BY BRADY MCCOMBS AND LISA BAUMANN
THE ASSOCIATED PRESS
HELENA, Mont. -- A federal lawsuit filed by four gay couples in Montana leaves just two states — North Dakota and South Dakota — with gay marriage bans and no legal challenges aiming to overturn them. But that's likely to change as same-sex marriage advocates there gear up for a fight.
State marriage bans have been falling around the country since the U.S. Supreme Court last year struck down part of the federal Defense of Marriage Act. Now, in 29 states, judges are being asked whether gays should have the right to marry.
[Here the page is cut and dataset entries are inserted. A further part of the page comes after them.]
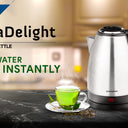 Crompton Insta Delight 1.8L SS Electric Kettle 1500W Silver Grey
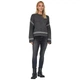 Свитер ONLAMANDA LS O-NECK DETAIL NCA KNT ONLY 15330089-Dark Grey Melange S Серый (5715600905253) - изображение 3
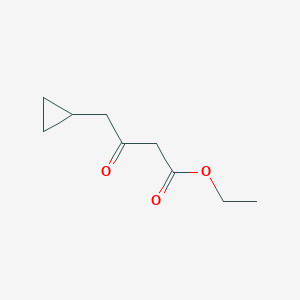 molecular formula C9H14O3 B1357962 4-环丙基-3-氧代丁酸乙酯 CAS No. 630399-84-7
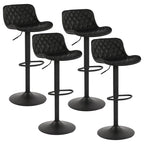 Tabourets de bar réglables en similicuir, tabourets hauts de comptoir de bar de pub rembourrés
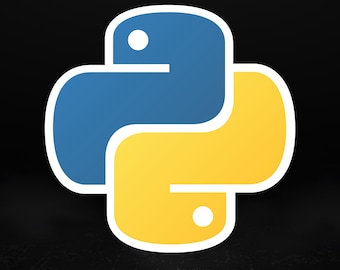 Python Logo Sticker | Glossy Laptop Decal for Developers & Data Scientists,  5 Sizes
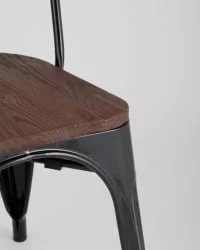Стул Tolix Wood 850 Черный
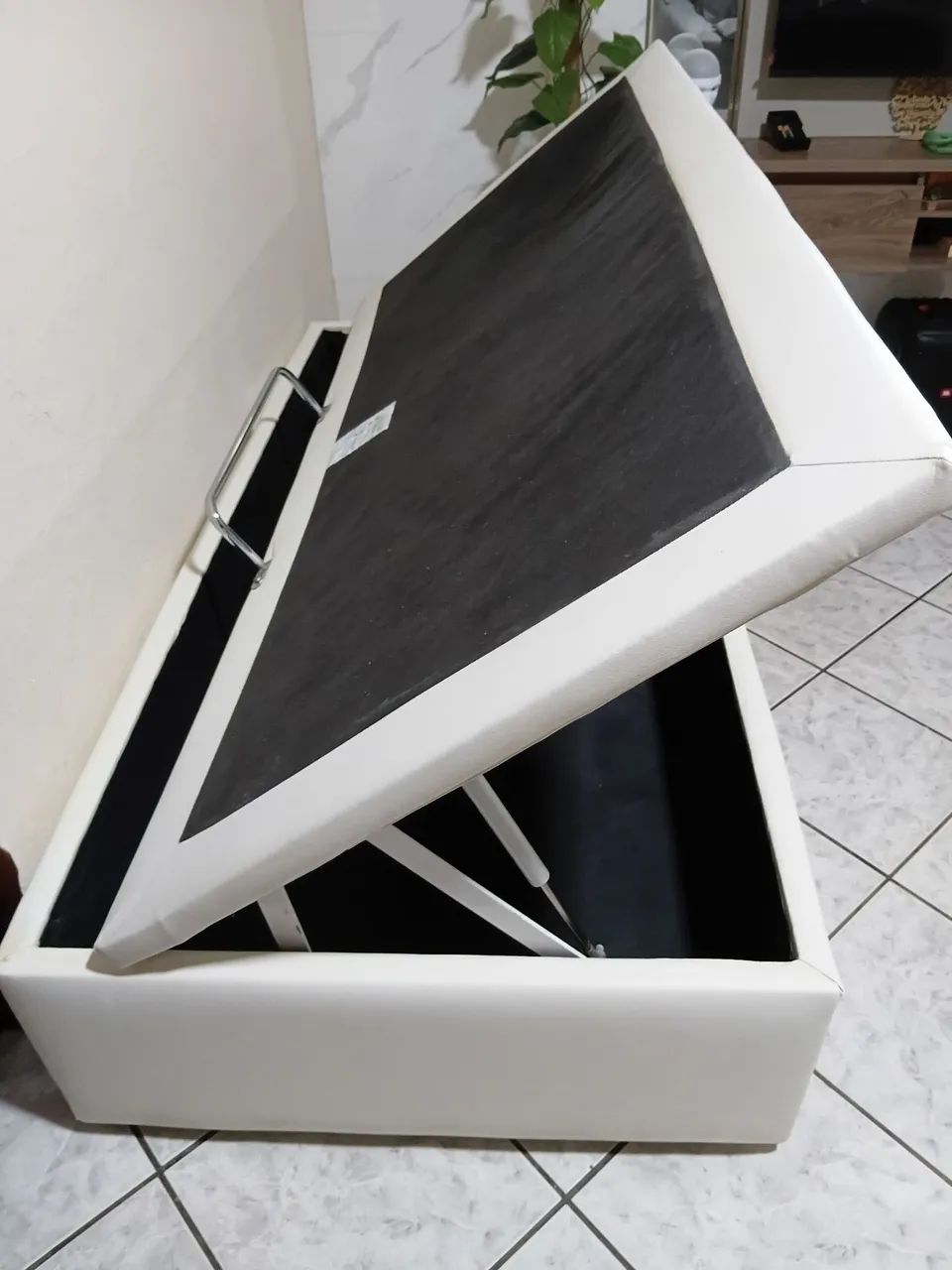 Cama baú solteiro ortobom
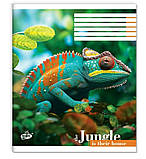 Зошит учнівський "Бріск" 48 арк. /ТВ-14/ №2455 "Дика фауна", клітинка, офсетний папір 55 г/м², ВД-лак, фото 4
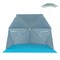 Blue 2-in-1 Beach Umbrella Tent UPF50+ Sun Protection Portable Shelter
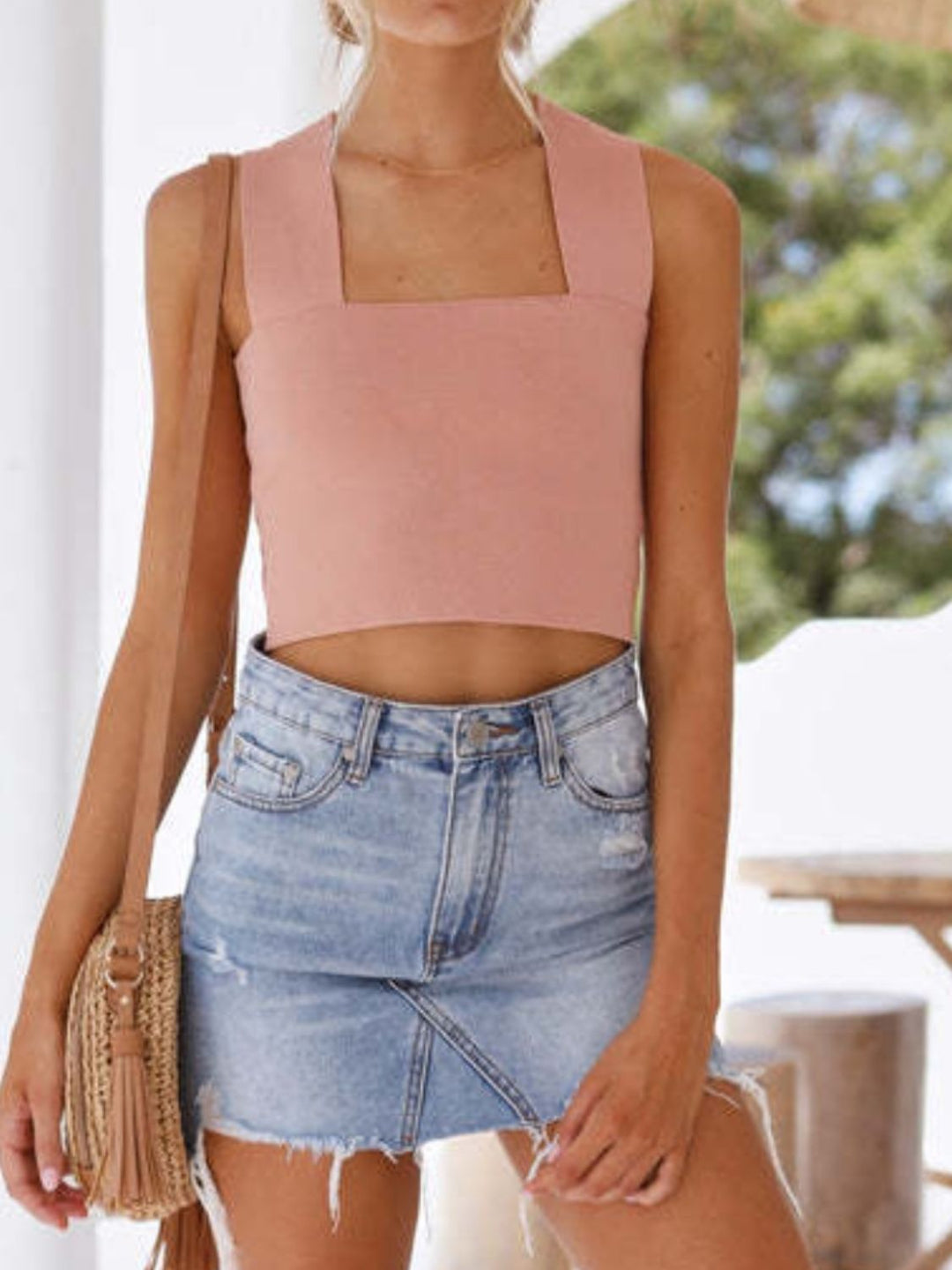 Stilla | Hals Bred Strop Tank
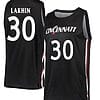Viktor Lakhin Jersey #30 Cincinnati Bearcats College Basketball Black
"At this point, I don't think that it matters, whether you're first or last. I don't think it matters at all. I think what matters is that we're all sending a message to either the Supreme Court or the legislators in Washington, D.C., that this has got to stop," Nancy Rosenbrahn of Rapid City, South Dakota, told The Associated Press Wednesday.
She and Jennie Rosenbrahn married in April in Minneapolis, and plan to sue in South Dakota to overturn that state's gay marriage ban.
In 19 states and the District of Columbia, gay couples can already wed, with Oregon and Pennsylvania becoming the latest to join the list this week when federal judges struck down their bans and officials decided not to appeal.